Texte établi par Musée Guimet, Paris (Tome 2p. 145-147).


LE KANDJOUR[1]
COMPILATION DES LIVRES SACRÉS DU TIBET


La grande compilation en cent volumes des livres sacrés du Tibet est appelée Kâ-gyur ou vulgairement Kan-gyur (bkah-hgyur), བཀའ་འྒྱུར​ c’est-à-dire « traduction du commandement », parce que ces livres ont été traduits du sanscrit, ou de l’ancienne langue de l’Inde (rgya-gar-skad) རྒྱ་གར་སྐད​, terme par lequel on peut entendre le prâkrit ou dialecte du pays de Magadha[2], principal siége de la foi bouddhique dans l’Inde, en ce temps-là.

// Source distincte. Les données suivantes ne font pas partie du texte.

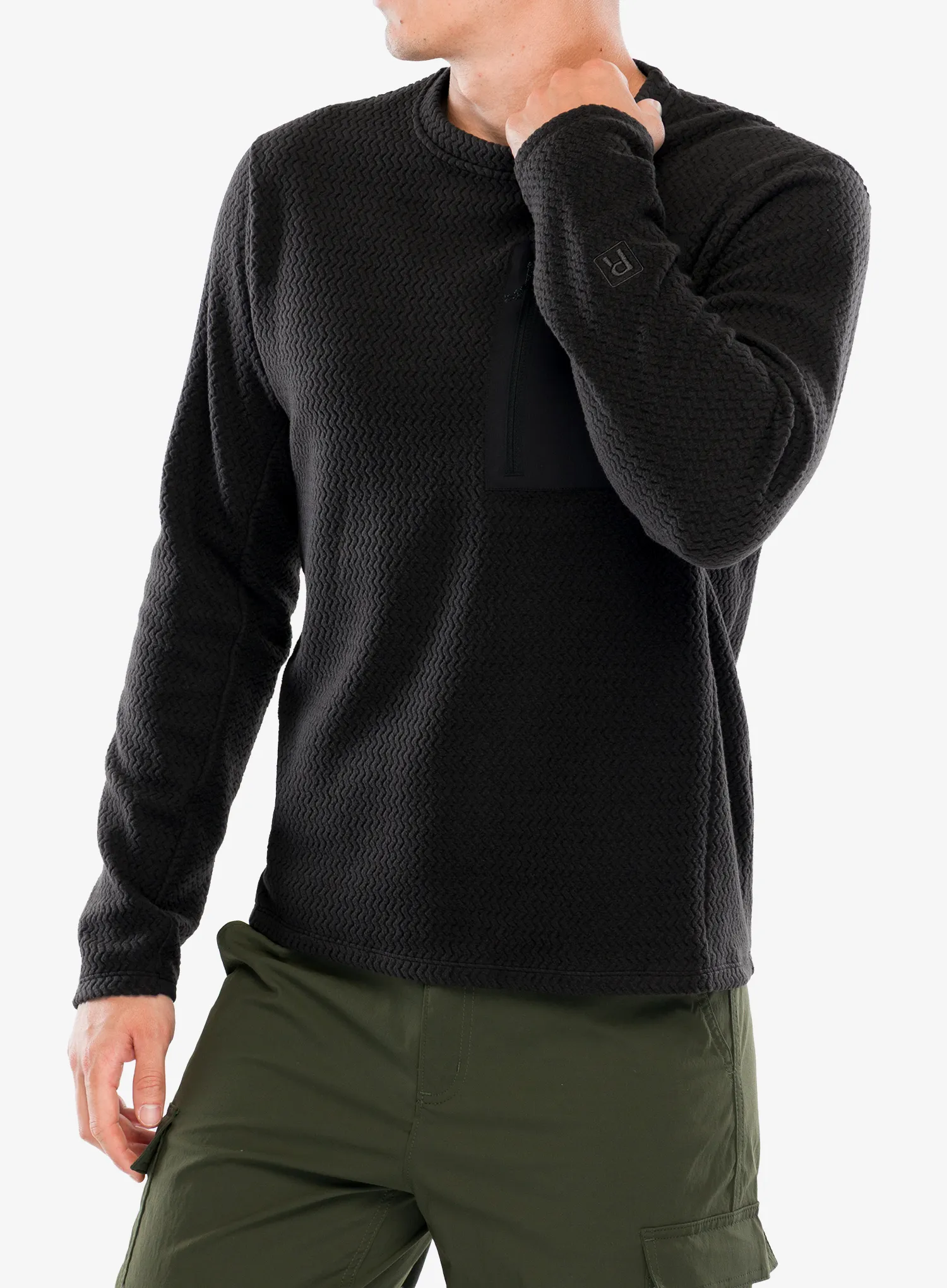 Mikina bez kapuce Patagonia R1 Air Crew - black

Ces livres renferment la doctrine de Çâkya, Buddha qui, selon la plupart des auteurs tibétains, aurait vécu un millier d’années avant le commencement de l’ère chrétienne[3]. Il en fut fait des compilations dans l’Inde ancienne à trois époques et dans trois localités différentes. La première suivit immédiatement la mort de Çâkya ; la deuxième date du temps d’Açoka, roi célèbre qui résidait à Pâtaliputra, cent dix ans après le décès de Çâkya ; la dernière est du temps de Kaniṣka, roi du Nord de l’Inde, postérieur à Çâkya de plus de quatre cents ans. Les adhérents de Çâkya s’étaient alors partagés en dix-huit sectes formant quatre divisions principales, dont les noms tant sanscrits que tibétains ont été conservés.

Les premiers compilateurs furent trois des principaux disciples de Çakya : Upâli (tib. Ñe-var-hkhor) compila le Vinaya-Sûtram (tib. Dul-ve-do) — Ananda (tib. Kun-Dgâ-vo) le Sûtranta (la classe Do en tibétain), et Kâçyapa (tib. Hot-srung), le Prajñâ-pâramitâ (tib. Çer-Chin). Ces divers ouvrages furent apportés au Tibet et y furent traduits entre le viie et le xiiie siècle de notre ère, mais surtout au ixe. L’édition du Kâ-gyur appartenant à la Société Asiatique[4] paraît avoir été imprimée précisément avec les planches qu’on dit avoir été préparées au dernier siècle en 1731 et qui sont encore d’un usage journalier à Snâr-Thang, vaste construction ou monastère, peu éloigné de Teçi-lhun-po (bkra-çis-lhun-po). ཟཀུ ཤིས་ལྷུན་པོ

La collection dite Kâ-gyur se compose des sept grandes divisions suivantes, qui sont, en fait, des ouvrages distincts :

I. Dul-va འདུལ་བ་ (Sk. Vinaya), ou « Discipline », en 13 volumes.

II. Çer-Chin ཤེར་བིན​ (Sk. Prajñâ pâramitâ), ou « sagesse transcendante », en 21 volumes.

III. Phal-Chen ཕལ་ཆེན་ (Sk. Buddhavata-sangha), ou « communauté bouddhique », en 6 volumes.

IV. Dkon-seks དཀོན་བརྩགས་ (Sk. Ratna-kûta), ou « amas de joyaux », en 6 volumes.

V. Do-de མདོ་སྡ​ (Sk. Sûtranta), « aphorismes » ou traités, en 30 volumes.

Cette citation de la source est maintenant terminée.